Only a pair of scissors can remedy severe cases of split ends
Long hair frequently shows split ends. In most instances, this is caused by mechanical stress like combing, brushing or bouncing off the shoulder. Frequent colouring, bleaching, perming or using heated styling tools may also lead to split ends. Split-end fluids can be used to coat the split ends with a whisper-thin silicone film to improve the appearance of the hair at least for a while. Otherwise, a haircut is the only effective solution.
A single hair is able to hold at least 100 g weight without breakage. That brings the combined bearing capacity of all hairs on the average scalp to at least ten tons.
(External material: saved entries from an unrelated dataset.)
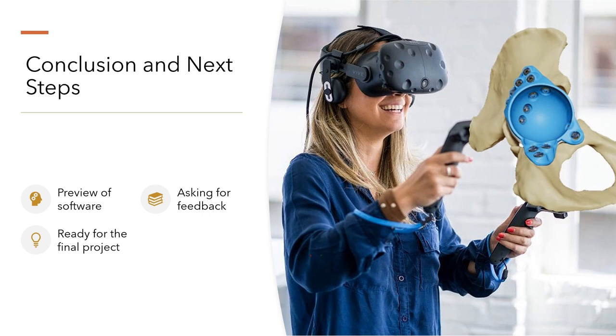I move forward with enthusiasm and a commitment to incorporating your feedback. The success of the final project hinges on our collaborative effort. With your support and insight, I'm confident that we can make this final project a remarkable culmination of our journey in VR, 3D modeling and 3D printing.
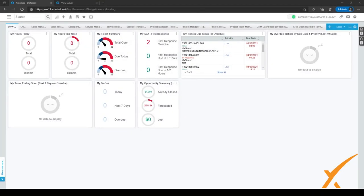In this lesson we are going to show you how to configure and use surveys. Surveys are a way to measure customer satisfaction and they're really easy to configure. Let's get started.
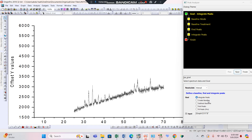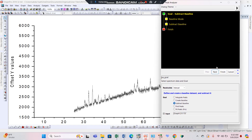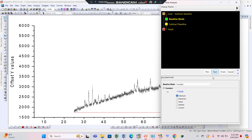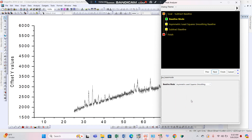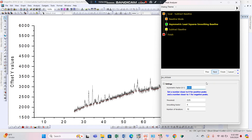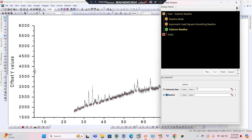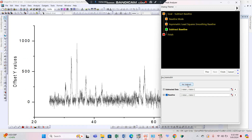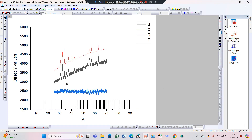In the peak analyzer, open the dialogue box. Choose subtract baseline and press the Next button. Here, choose asymmetric least squares, then press Next, Next, and Next again. Then press subtract — the graph baseline becomes straight. Finish this process. You can see the baseline of this graph is now set straight.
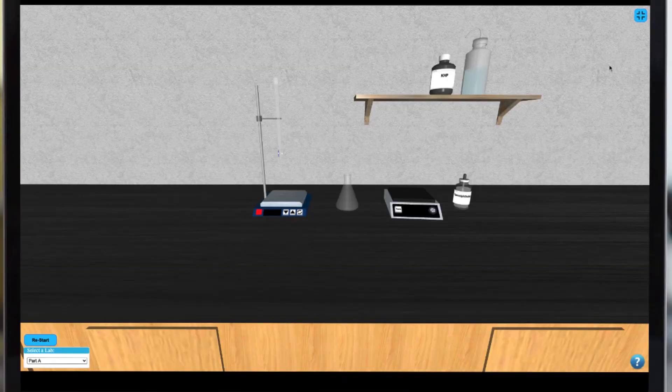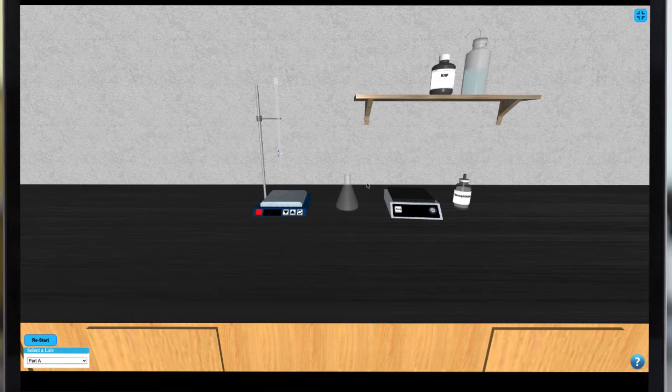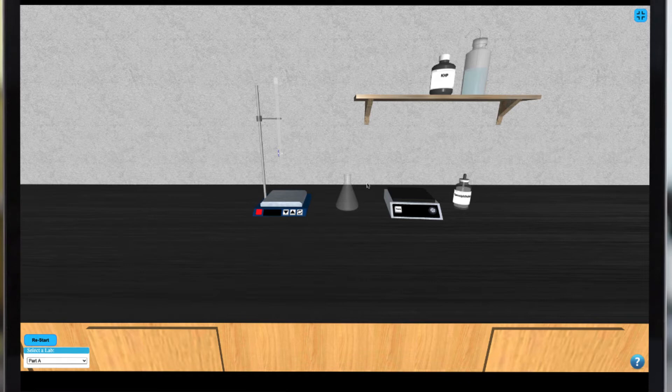In each part of this simulation you'll be performing a titration. To do so, place the appropriate sample in your Erlenmeyer flask by clicking on them.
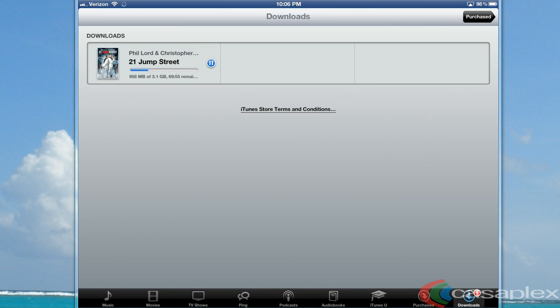Hello, this is JP Reich. Now that we purchased a movie on our iPad, we want to download it on our iTunes on our computer.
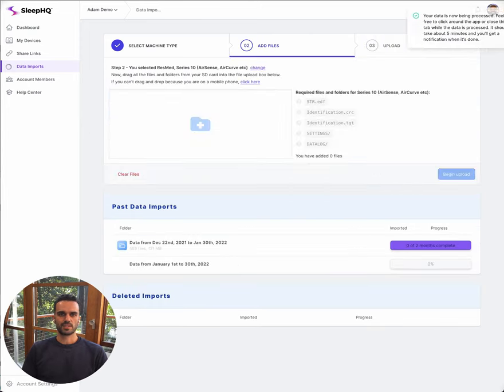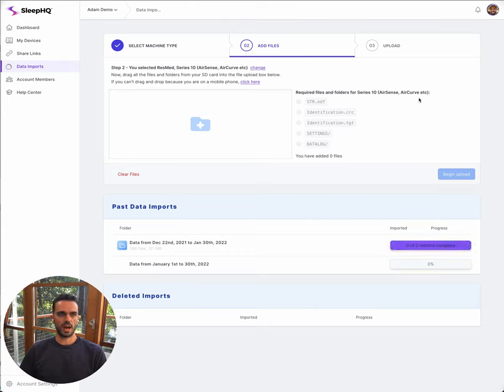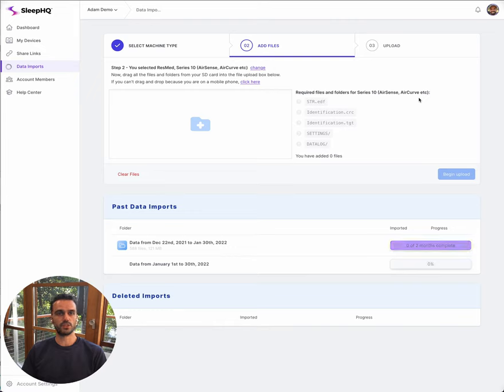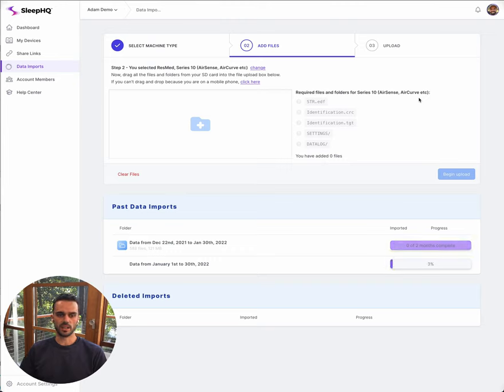My data has just finished importing and now the next step in the process is the server needs to process all of my files. At this point you can now click away from the web page, you can close your browser if you want and come back to it later on. Depending on how much data you've added, it might take five, maybe ten minutes.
Structure - The Way Hair is Built
Hair consists to roughly 80 % of keratin (protein), 10 to 15 % is water and the remaining 5 to 10 % are pigments, minerals and lipids. The cuticle layer forms the outer layer of every hair. The cuticle layer envelops the inner part of the hair shaft called the hair cortex. The cortex comprises about 80 % of the hair mass. Colouring, bleaching or perming takes place inside the hair cortex.
How many hairs a person has on average depends on the hair colour. With 150,000 hairs blondes have the most hairs. Black-haired people come in second with about 110,000 hairs, followed by brunettes with 100,000 hairs and redheads with 80,000 hairs.